This means that name resolutions will first look in /etc/hosts. If it
can't find the name in there, it will fall back to DNS. If it can't find
the name in DNS, it returns a failure. Again: this is how *my* cluster is
configured -- yours may be different.

However -- all that being said -- you should also be able to have a boot
schema file with pure IP addresses and avoid this extra layer of
abstraction (I don't typically recommend this -- it's almost always easier
to use names instead of IP addresses, but if the name resolution is in
question, then manually [temporarily] switching back to IP addresses would
eliminate some variables).

So you should be able to have a boot schema file with the following:

----
192.168.1.1
192.168.1.2
192.168.1.3
192.168.1.4
----
If that works, then it's definitely something screwy with your name
resolution.  If that doesn't work, then there is something else wrong and
we should investigate further.
-- 
{+} Jeff Squyres
{+} jsquyres_at_[hidden]
{+} http://www.lam-mpi.org/
On Thu, 18 Sep 2003, Timothy I Mattox wrote:
> Hello,
> It is unfortunate that recent Linux distributions have been putting your
> hostname on the same line as the "127.0.0.1 localhost" line in /etc/hosts.

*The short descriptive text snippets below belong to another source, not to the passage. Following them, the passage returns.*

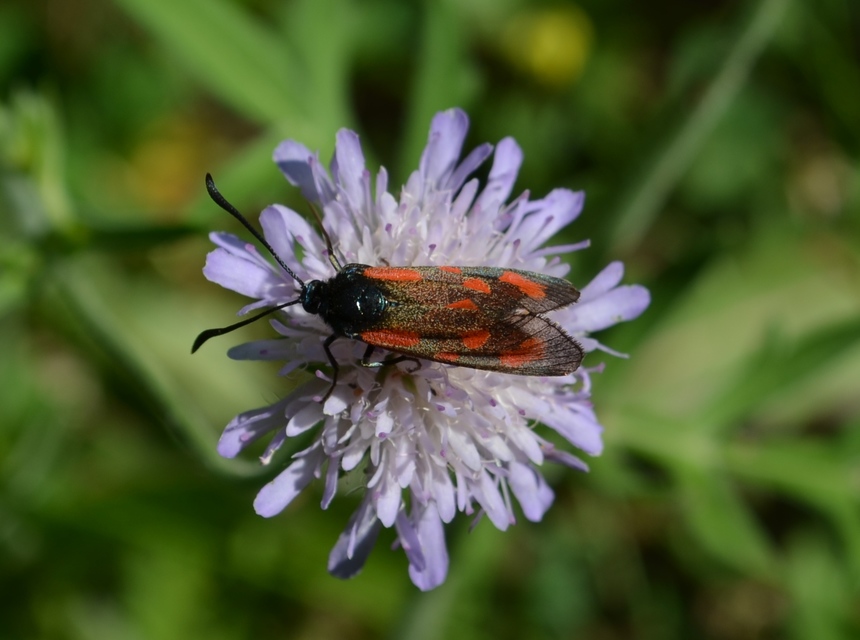 Zygaena loti - közönséges csüngőlepke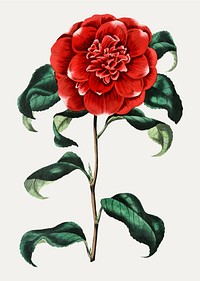 Vintage Mr. Reeves's crimson camellia for decoration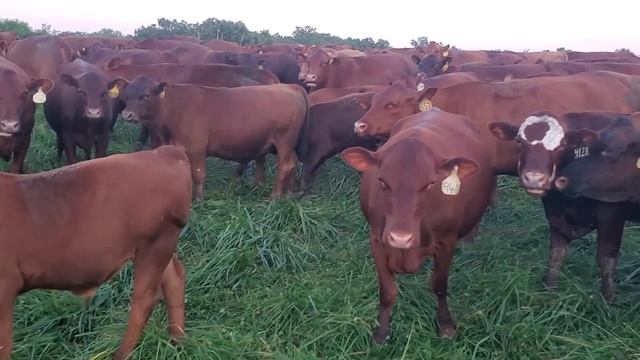 Pesky flies being attacked by mob of dragonflies and Greg goes off on a rant! смотреть онлайн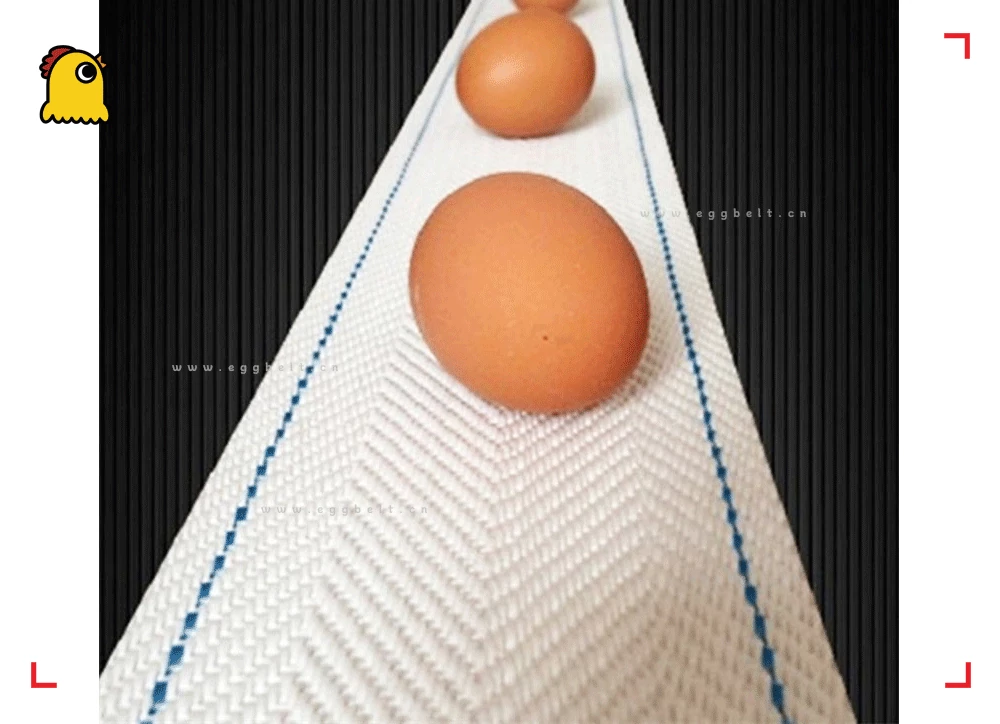 120mm pp egg conveyor belt, layer cage automatic collection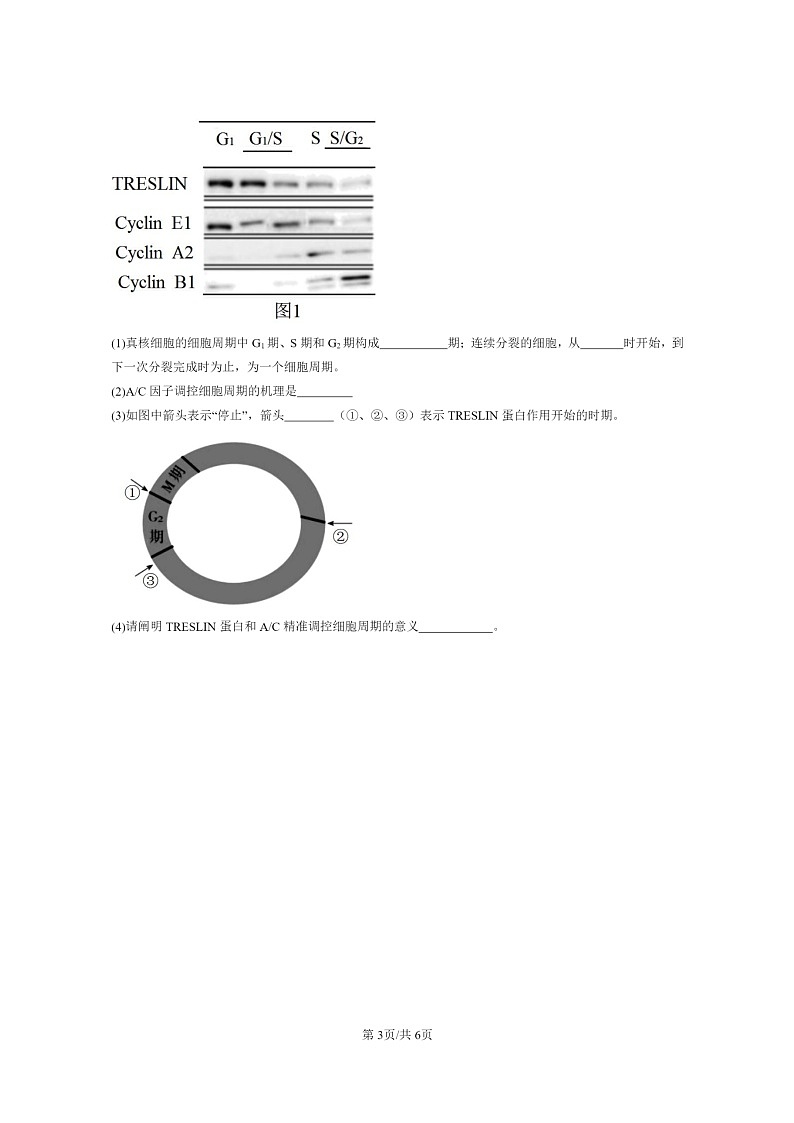 [生物]2022～2024北京高三上学期期末生物真题分类汇编：细胞的增殖第3页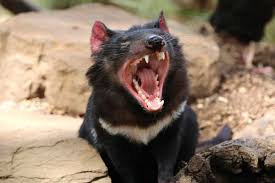 The tasmanian devil (also spelt tazmanian devil), commonly referred to as taz, is an animated cartoon character featured in the warner bros looney tunes and merrie melodies series of cartoons. Luck Of The Devil How A Tasmanian Icon Is Outwitting Cancer New Scientist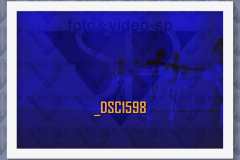 DSC1598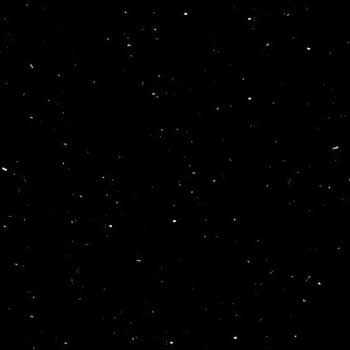 Perna Black P004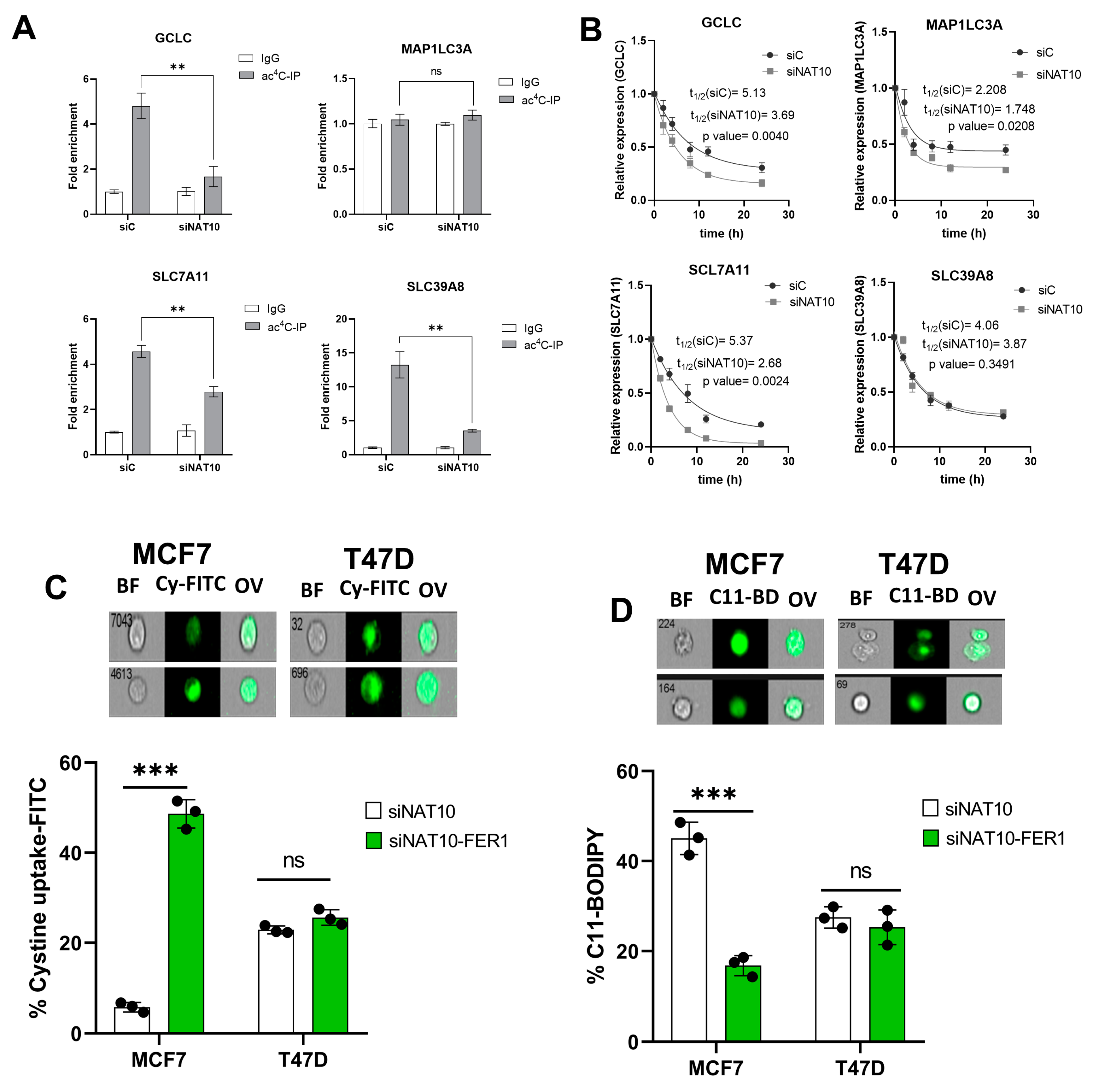 Antioxidants 12 01116 g004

> The 127.0.0.1 is a special value, and shouldn't (in most circomstances)
> have anything but variations of localhost and localhost.localdomain
> associated with it.  A real hostname, to be useful in a network, i.e.
> with more than one machine, needs to have an externally useful IP
> address.  127.0.0.1 will never leave the box it starts from.
>
> The issue with LAM is that lamboot remotely executes a command (hboot) on
> each node in your cluster, and on the commandline it sends the IP address
> (or hostname if you use the -l option) of the node you are starting LAM
> from.  hboot uses that address to call home and join the LAM environment.

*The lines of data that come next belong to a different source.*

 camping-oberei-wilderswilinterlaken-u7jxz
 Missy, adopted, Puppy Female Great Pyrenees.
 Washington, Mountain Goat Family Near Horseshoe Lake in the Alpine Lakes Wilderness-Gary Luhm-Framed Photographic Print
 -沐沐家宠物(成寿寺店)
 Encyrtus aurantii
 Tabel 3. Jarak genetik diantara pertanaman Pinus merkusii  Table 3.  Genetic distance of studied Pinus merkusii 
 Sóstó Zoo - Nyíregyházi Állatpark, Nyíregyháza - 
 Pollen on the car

> If it resolves to 127.0.0.1 it tries to talk to itself, the localhost, and
> fails.
>
> So, in short, edit all your /etc/hosts files to look identical,
> something like this:
>
> 127.0.0.1           localhost  localhost.localdomain
> 192.168.1.1         lilian1
> 192.168.1.2         lilian2
> 192.168.1.3         lilian3
> 192.168.1.4         lilian4